Nardine SaadBBC News, Los Angeles
US Senator Ted Cruz has accused the head of America's broadcast regulator of acting like "a mafioso" in the suspension of late-night host Jimmy Kimmel - the sharpest attack yet from a conservative Republican on the controversy.
He said Federal Communications Commission (FCC) chairman Brendan Carr's threat to ABC over their comedian's monologue about slain conservative influencer Charlie Kirk was "dangerous as hell".
"That's right out of Goodfellas," the Texas Republican said, affecting a mobster's accent.
Other Republicans in Congress have been more muted in their criticism of how the FCC pressed Disney-owned ABC to take action on Kimmel, who was indefinitely suspended on Wednesday.
The row started after Kimmel appeared to suggest in his monologue on Monday night that the alleged gunman charged with murdering Kirk was a Maga Republican, although authorities in Utah have said the suspect was "indoctrinated with leftist ideology".

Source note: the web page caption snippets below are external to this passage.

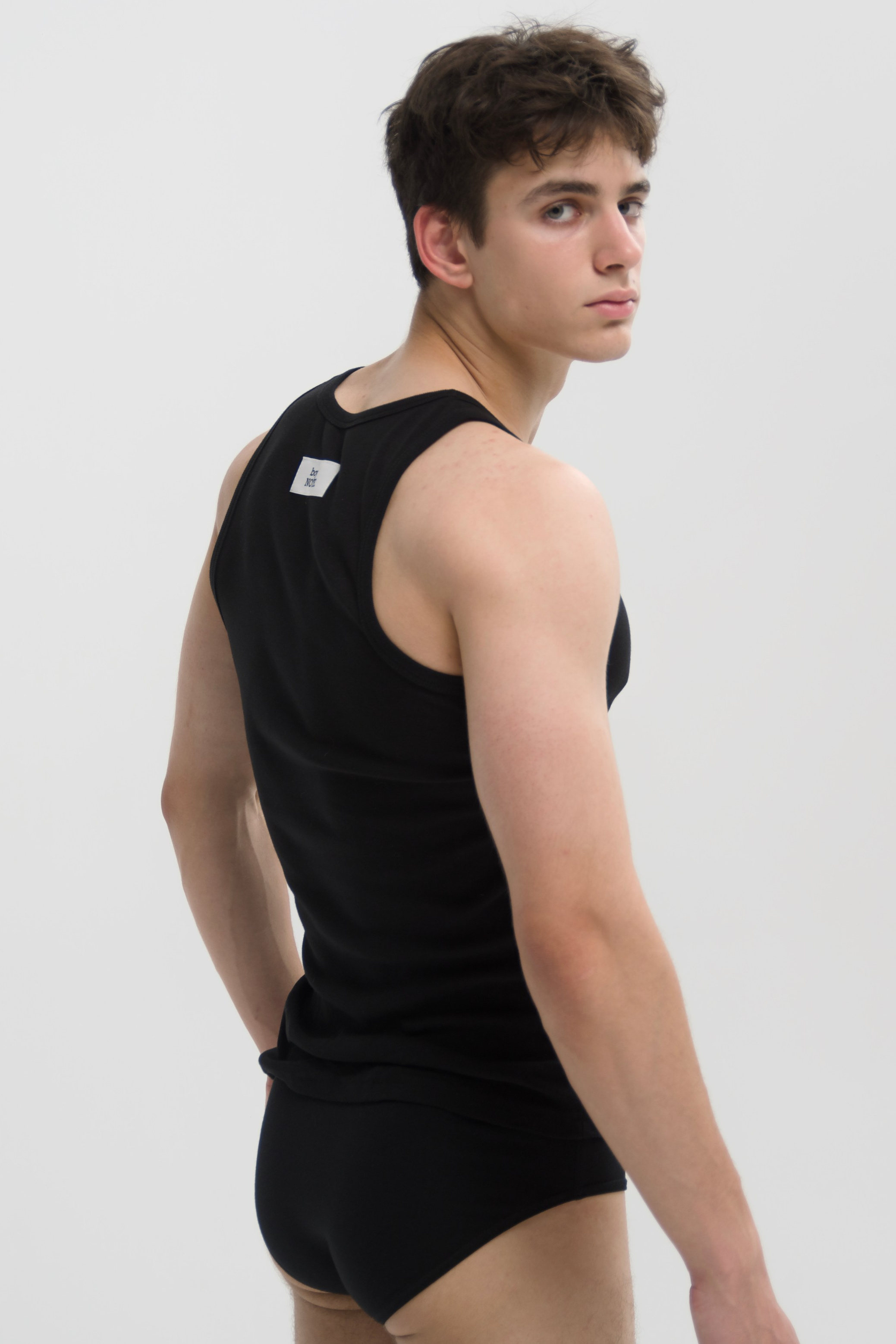 Boy NOTE. Дизайнерская мужская одежда, которую может носить Ваша девушка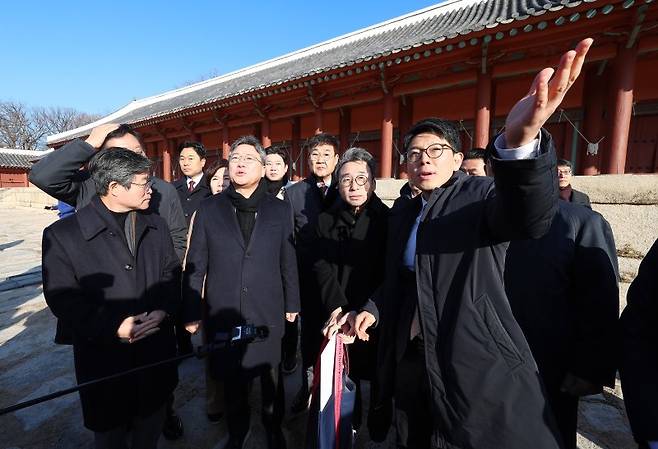 국민의힘 소속 국회 문화체육관광위원회 위원들이 '세계유산의 보존ㆍ관리 및 활용에 관한 특별법'('세계유산법') 시행령과 관련해 18일 서울 종묘를 방문, 김병민 서울시 정무부시장의 설명을 듣고 있다. 연합뉴스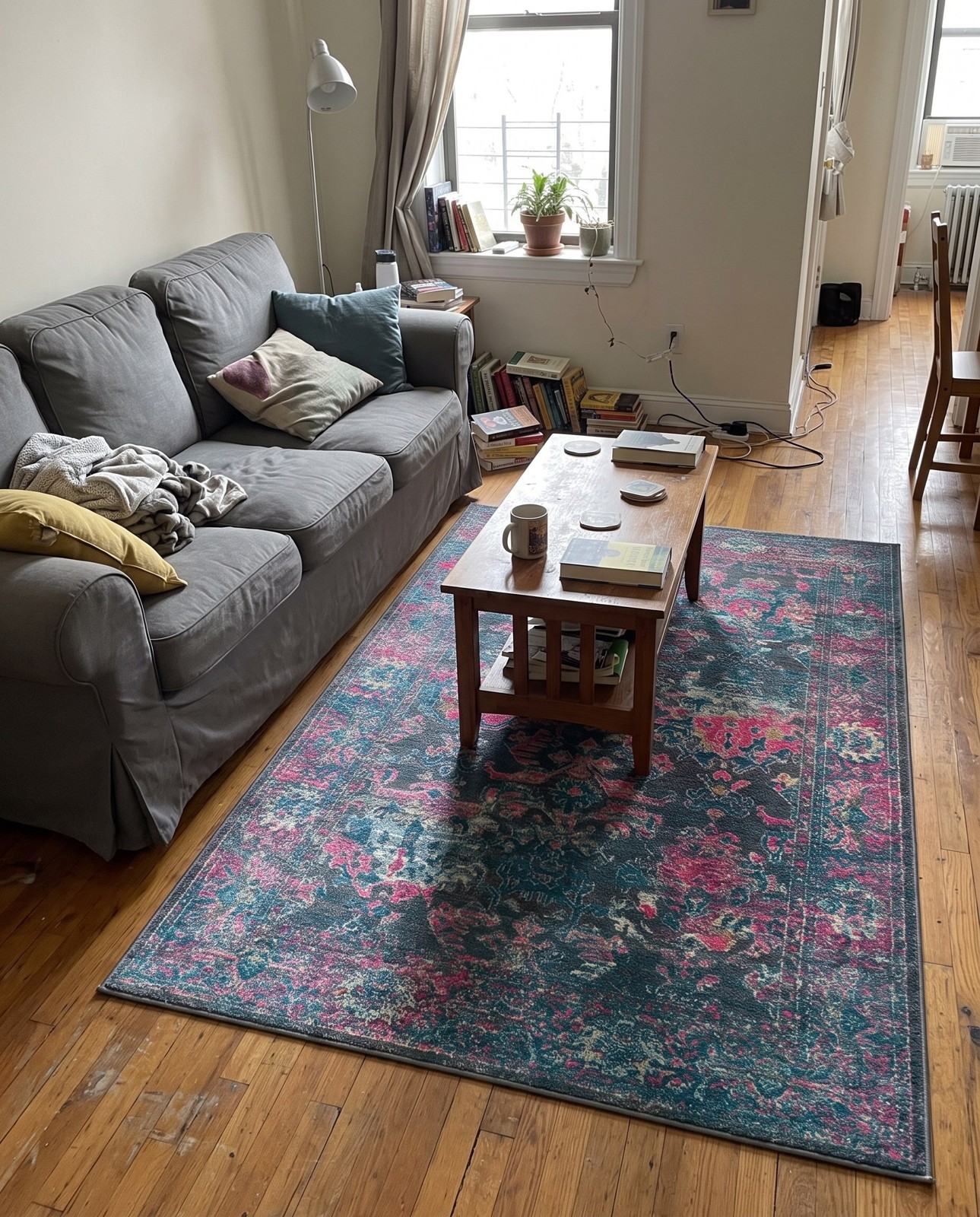 5' x 8' Salford · Border rug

Before ABC's decision, Carr said there would be consequences if Kimmel stayed on air. The FCC chairman said that Kimmel was "appearing to directly mislead the American public" in his on-air remarks.
Watch: Ros Atkins on… What Jimmy Kimmel being taken off air means for free speech in the US
The FCC is in charge of granting broadcast licenses to networks such as ABC, NBC and CBS, and they are required under statute to be in the public interest.
On his podcast Verdict with Ted Cruz, the senator emphasised on Friday that he hated what Kimmel said about Kirk, and he is "thrilled that he was fired". He also said Carr was "a good guy".
"But what he said there is dangerous as hell," Cruz added. "And so he threatens, explicitly, we're going to cancel ABC's licence.
"We're going to take them off the air so ABC cannot broadcast anymore. He says we can do this the easy way, or we could do this the hard way, yeah. And I got to say that's right out of Goodfellas.
"That's right out of a mafioso coming into a bar going, nice bar you have here, it'd be a shame if something happened to it," he added, using a mobster voice.
He warned that if the government gets into the business of bans and regulating what the media says "that will end up bad for conservatives".
In the Oval Office on Friday, President Donald Trump defended Carr and said "I disagree with Ted Cruz", who is ordinarily one of his staunchest allies.
The president also lashed out at ABC News reporter Jonathan Karl when he asked the president about free speech.
Another Republican Senator, Thom Tillis of North Carolina, told reporters that Cruz was "absolutely right" in his criticism of Carr.
Tillis, who will not seek re-election next year, said the FCC chairman's comments were "just unacceptable behaviour".
Republicans in Congress have generally been toeing the party line with their response to Kimmel's suspension as the nation is shaken by the political and cultural aftershocks of Kirk's killing.
But Senator Jerry Moran, a Republican from Kansas, sounded a note of caution on Thursday.
"The conservative position is free speech is free speech, and we better be very careful about any lines we cross in diminishing free speech," Moran told Politico.
South Dakota Senator Mike Rounds said he would approach it as an "employer-employee issue".
Kimmel has not publicly commented about his suspension, but his late-night colleagues - including Jon Stewart, Jimmy Fallon and outgoing host Stephen Colbert - responded on Thursday with a show of solidarity.
Kirk was fatally shot on 10 September during an open-air event on a Utah college campus.
On Thursday, the Senate passed a resolution to designate 14 October - Kirk's birthday - a day of remembrance for him.
Lawmakers in the US House of Representatives approved the resolution - nearly 100 Democrats opposed it.